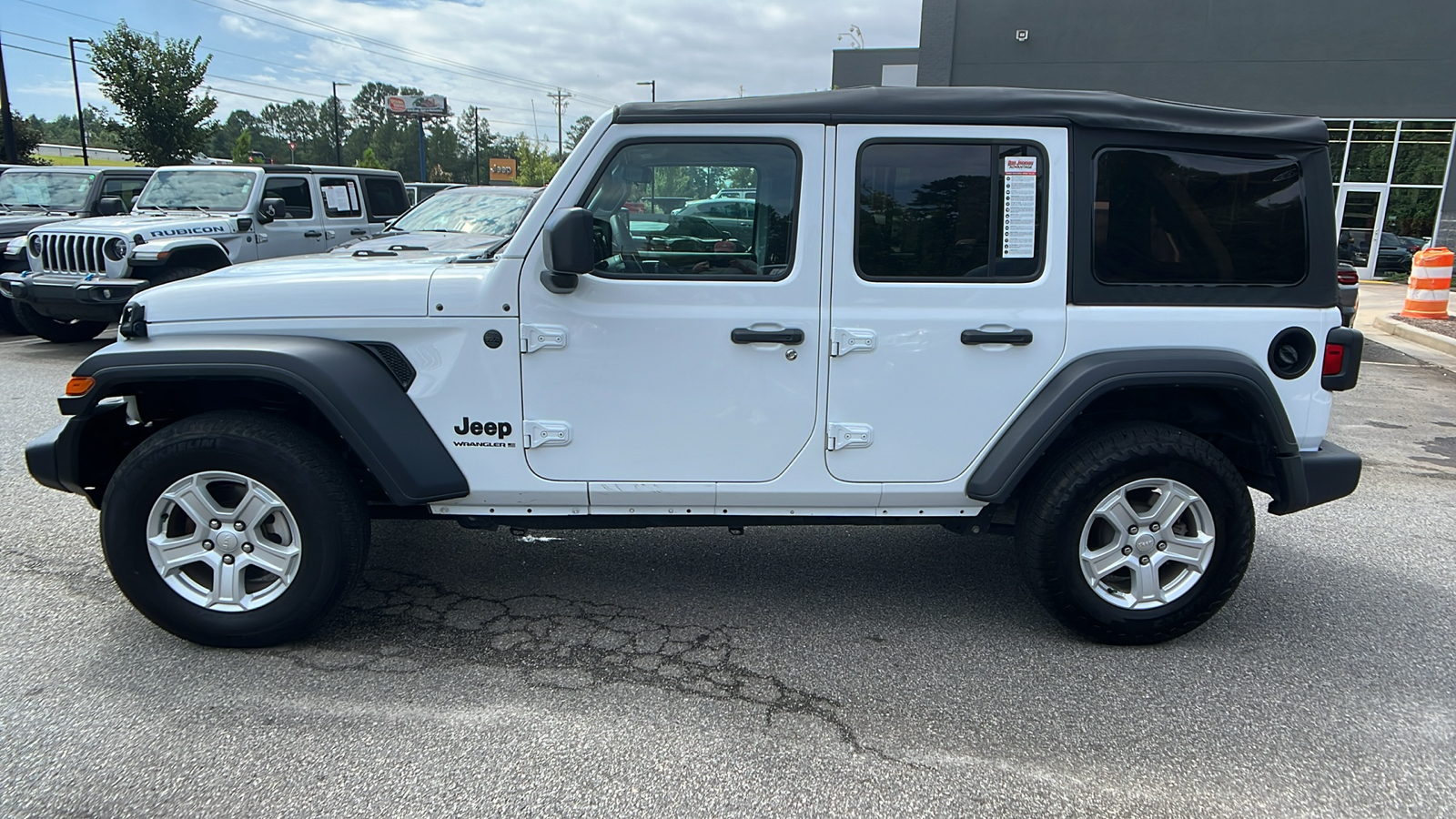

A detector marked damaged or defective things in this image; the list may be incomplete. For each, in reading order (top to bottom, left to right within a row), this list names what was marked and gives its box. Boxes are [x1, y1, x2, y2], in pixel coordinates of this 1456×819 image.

cracked asphalt [0, 328, 1450, 810]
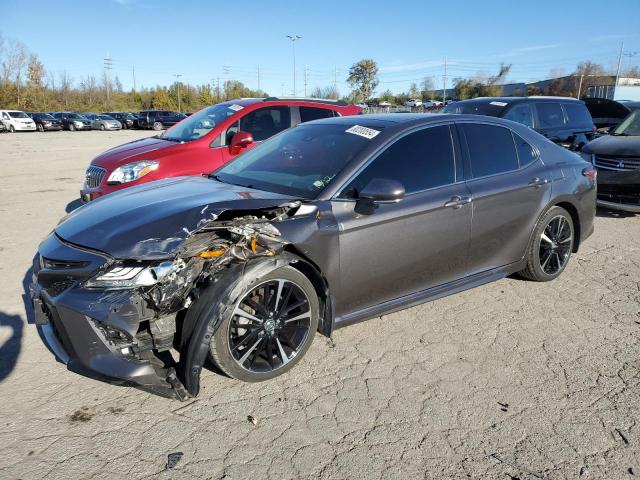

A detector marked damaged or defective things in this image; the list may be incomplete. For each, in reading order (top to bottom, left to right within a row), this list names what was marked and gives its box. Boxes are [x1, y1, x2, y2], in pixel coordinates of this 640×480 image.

broken headlight [106, 160, 159, 185]
damaged hood [89, 135, 178, 169]
broken headlight [84, 262, 180, 288]
crushed front end [29, 203, 300, 402]
damaged hood [56, 175, 296, 258]
damaged toyota camry [31, 114, 596, 400]
cracked asphalt [1, 129, 640, 478]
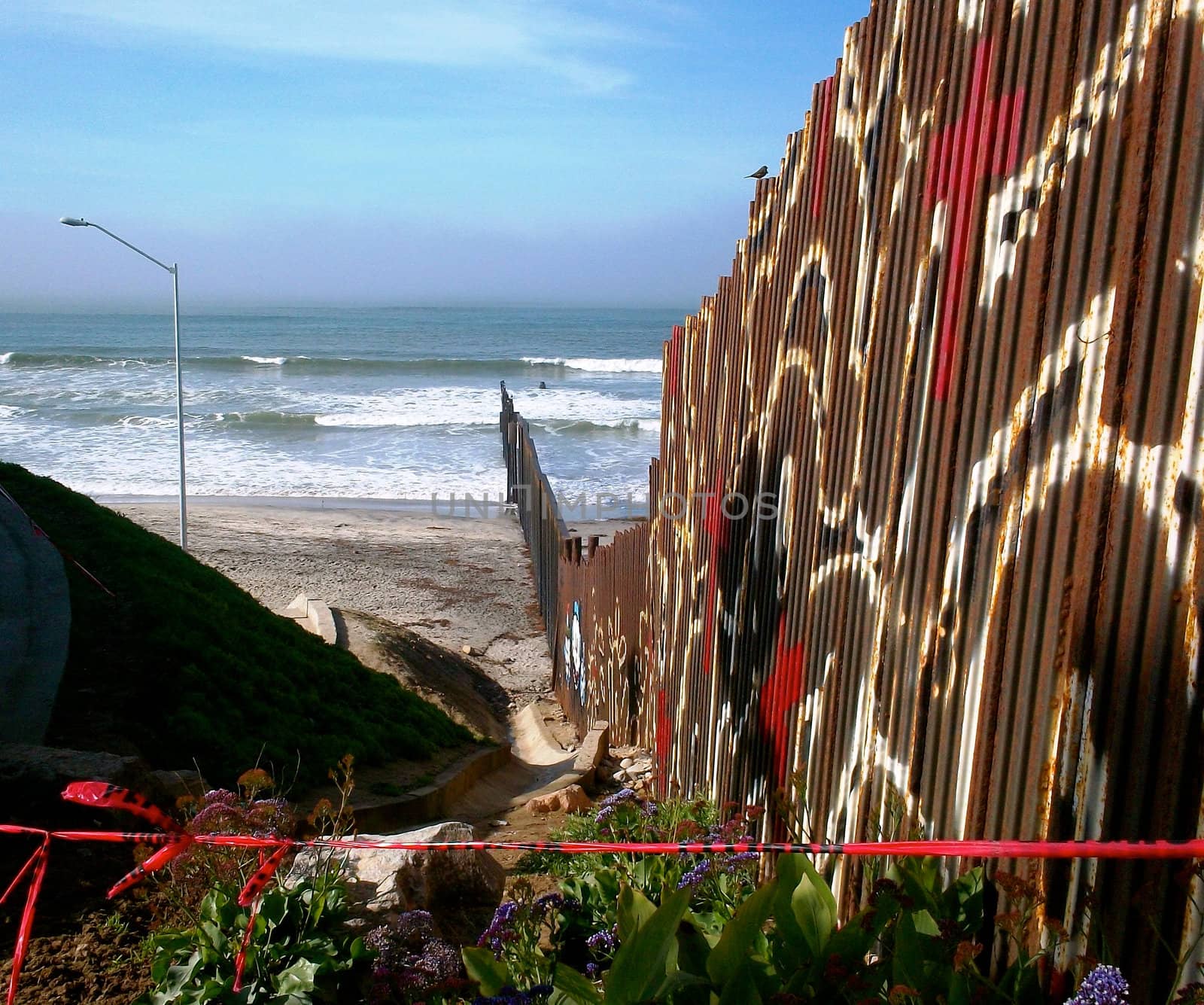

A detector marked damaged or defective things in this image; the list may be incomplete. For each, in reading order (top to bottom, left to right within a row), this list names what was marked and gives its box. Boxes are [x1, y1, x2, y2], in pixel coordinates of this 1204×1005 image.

#####

**EXERCISE INSTRUCTIONS**
Retype the records in full, exactly as given, and omit the pictures.

**OUTPUT OF THE TASK**
A detector marked damaged or defective things in this image; the list may be incomplete. For each, in reading order (top to bottom, left to right within a row), this list names what was marked and gives its box. Boxes are [x1, y1, x2, y2], in pixel coordinates of this 1456×819 image.

cracked asphalt [0, 328, 1450, 810]

A detector marked damaged or defective things in this image; the list may be incomplete. For each, in reading order (top to bottom, left to right within a row), this list names what was marked and gives its box. Boxes are [x1, y1, x2, y2], in pixel coordinates of this 640×480 image.

broken headlight [106, 160, 159, 185]
damaged hood [89, 135, 178, 169]
broken headlight [84, 262, 180, 288]
crushed front end [29, 203, 300, 402]
damaged hood [56, 175, 296, 258]
damaged toyota camry [31, 114, 596, 400]
cracked asphalt [1, 129, 640, 478]

A detector marked damaged or defective things in this image; the list may be incomplete. For each, in reading order (top to bottom, left to right within a row), this list names what was marked and gives its box. Boxes are [x1, y1, x2, y2], in pixel coordinates of this 1204×1005 image.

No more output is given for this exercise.